------ Collected data ------

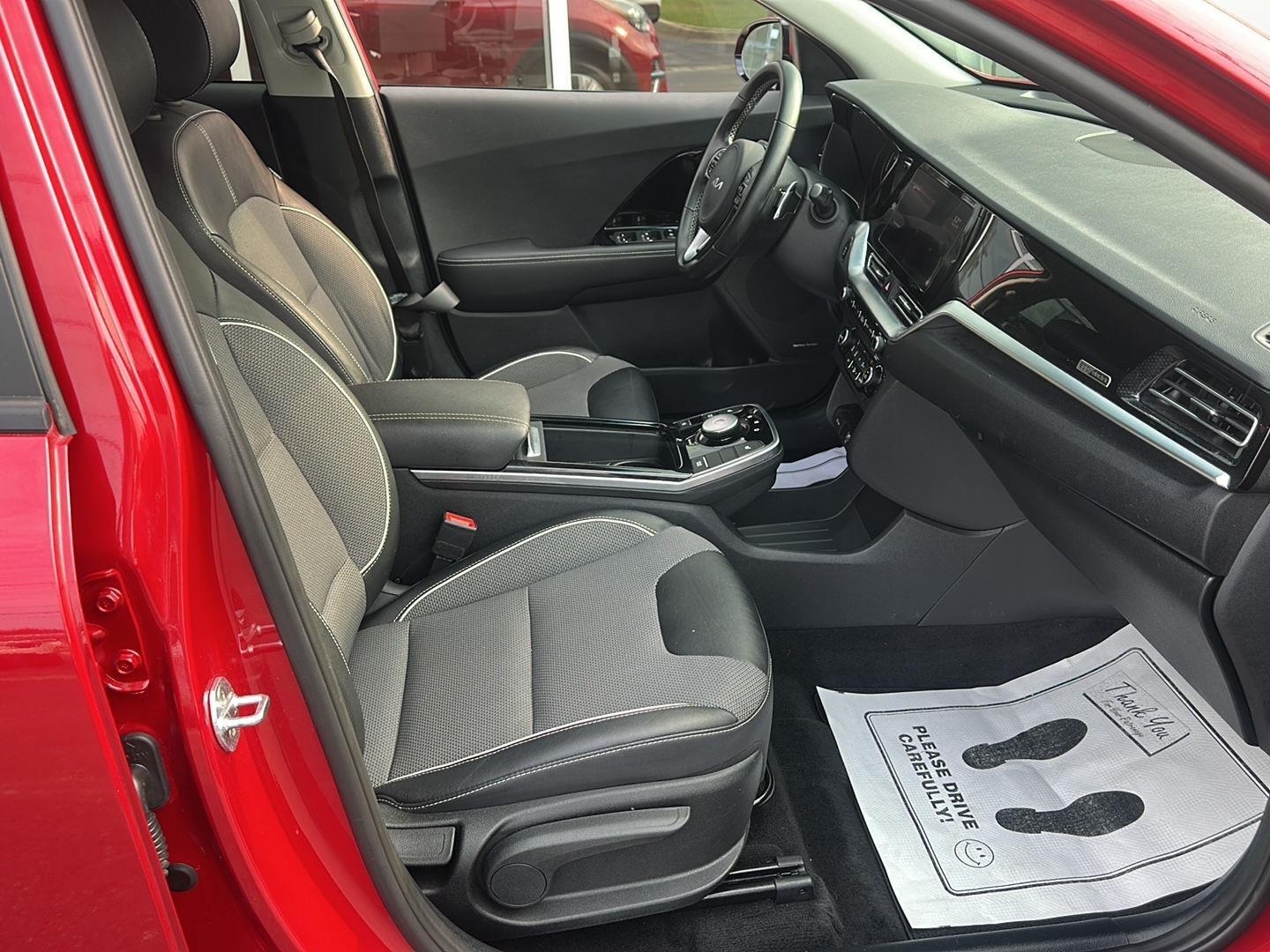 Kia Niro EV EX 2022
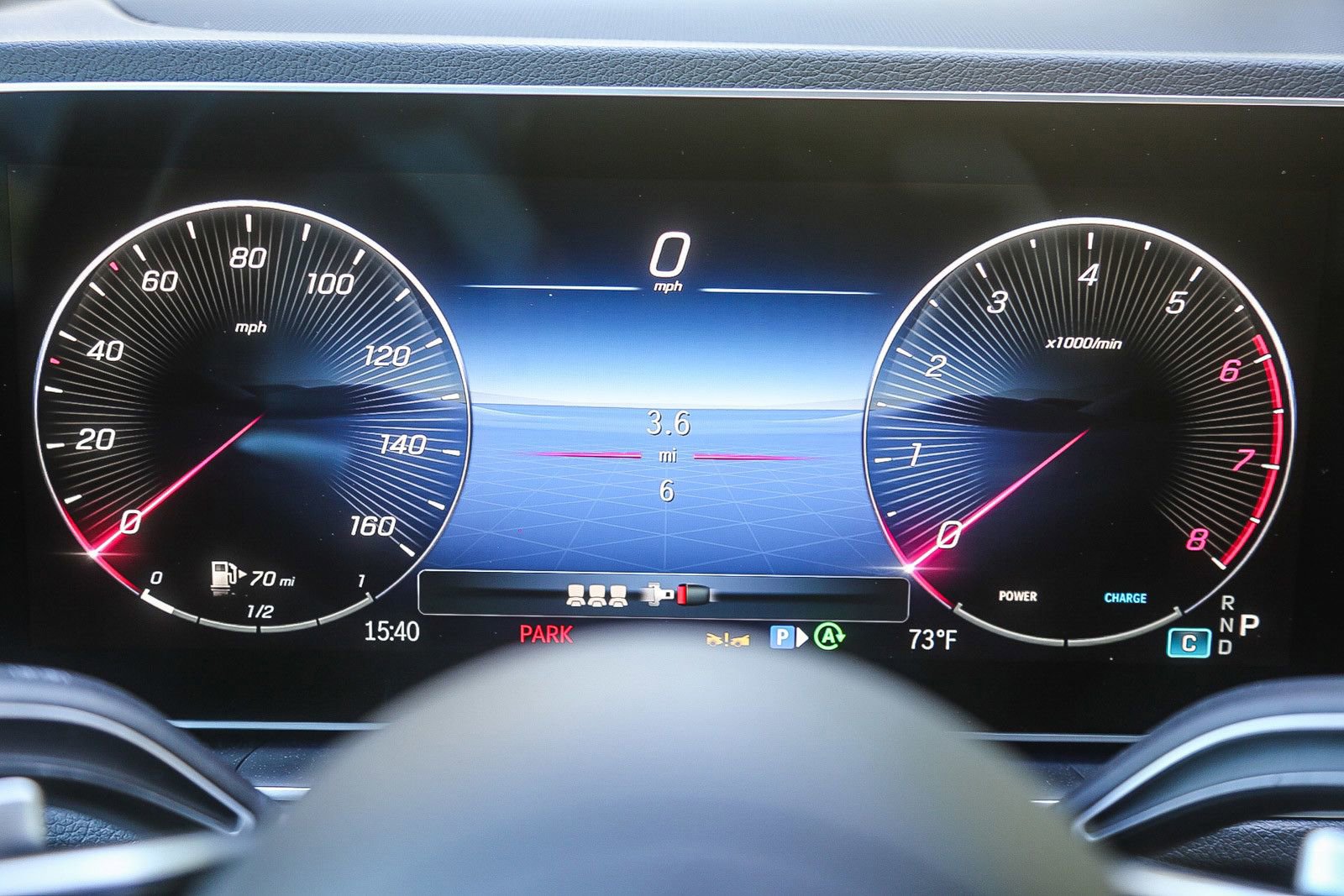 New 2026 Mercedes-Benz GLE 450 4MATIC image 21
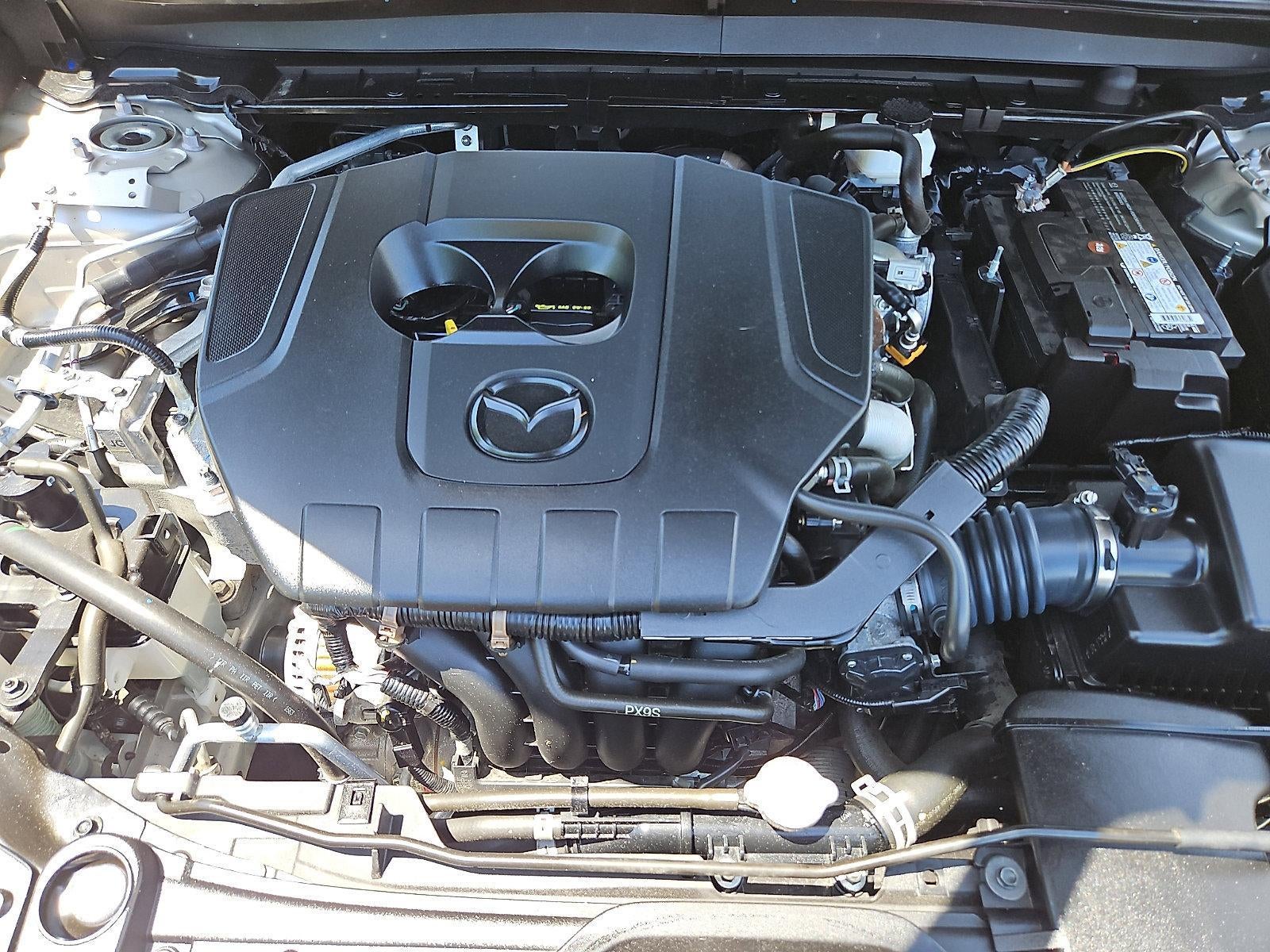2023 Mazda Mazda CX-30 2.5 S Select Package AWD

------

### Exercise requirements
Produce an exact copy of the lines from the line containing "New 2026 Mercedes-Benz" to the end of the material, both ends included, and omit every picture.

### Output for this task
 New 2026 Mercedes-Benz GLE 450 4MATIC image 21
2023 Mazda Mazda CX-30 2.5 S Select Package AWD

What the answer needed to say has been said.